Abstract

ABSTRACT The presented study evaluated different manufacturing procedures of breakfast cereals in view of their ability to preserve the natural quality of the raw material, as this is recommended by the EU Regulation 2018/848 for organic farming and the Demeter guidelines. From four crops (spelt, buckwheat, rice and quinoa), different products were manufactured: flakes, roasted flakes from cooked grains, extrudates from dough, and puffed grains. The samples (in total n = 18) were analysed for positive (thiamine, folate, lysine) and negative (acrylamide) health-related constituents, delayed fluorescence by Fluorescence Excitation Spectroscopy (FES) and food-induced emotions by the EmpathicFoodTest (EFT). The results showed that the four crops reacted similarly to the manufacturing processes, but the sensitivity of the crop was different for the health-related constituents, with spelt and rice showing greater sensitivity with respect to acrylamide formation and thiamine loss, than buckwheat and quinoa (though differences at the individual crop level were not statistically verified).

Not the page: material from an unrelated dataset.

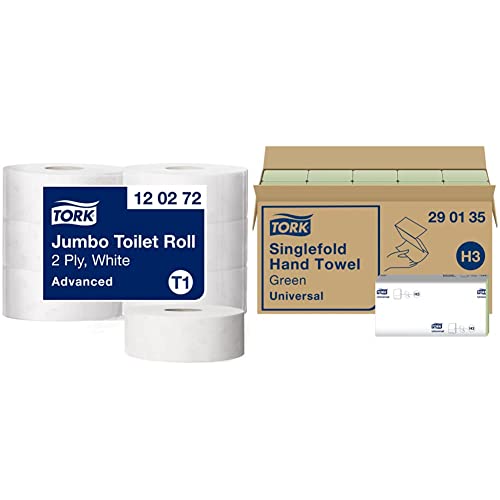 Tork 120272 Jumbo Toilettenpapier Qualität für Tork T1 Jumbo Toilettenpapiersysteme (6 x 1800 Blatt) & grüne Zickzack Papierhandtücher Universal 290135 - H3 Falthandtücher, grün - 20 x 200 Tücher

The different assessment methods led to largely consistent evaluations of the processing methods: after extrusion, puffing and roasting flakes, significant quality losses were observed. Depending on the parameter of the test method, the classification of the degradation due to processing differed slightly: lysine degradation was significantly higher in puffed products (especially in rice and spelt) and acrylamide concentration was high (> 200 µg kg-1) in roasted and puffed spelt. The methods EFT and FES rated extruded samples particularly unfavourably. The least harmful process in all parameters was the production of flakes.